Monday, Jan. 26, 1976

The Five Niles

Egypt, wrote the Greek historian Herodotus, is the gift of the Nile. He was right; Egypt--or at least its most populous and fertile area--was formed by the rich silt washed down from the East African highlands by the waters of the Nile. But which Nile? According to Egypt's leading geologist, Rushdi Said, 55, the present-day Nile is a relative newcomer to Egypt, having been around for only 30,000 years. Before that, he says, at least four different Niles had flowed through--and then disappeared from--the river basin.

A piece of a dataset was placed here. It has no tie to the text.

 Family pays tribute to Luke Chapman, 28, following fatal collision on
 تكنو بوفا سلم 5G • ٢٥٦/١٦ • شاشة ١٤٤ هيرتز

Said, who heads the Geological Survey of Egypt and holds a seat in the Egyptian Parliament, bases his theory on evidence he found while doing test borings for the Aswan High Dam in 1961. In some of his core samples, Said was puzzled to find a layer of alluvial (deposited by running water) sediment at a depth of 450 ft., well below the level of the modern Mediterranean Sea. Convinced that such deposits could not have been left by today's Nile, Said began looking into the possibility that they were traces of an earlier river.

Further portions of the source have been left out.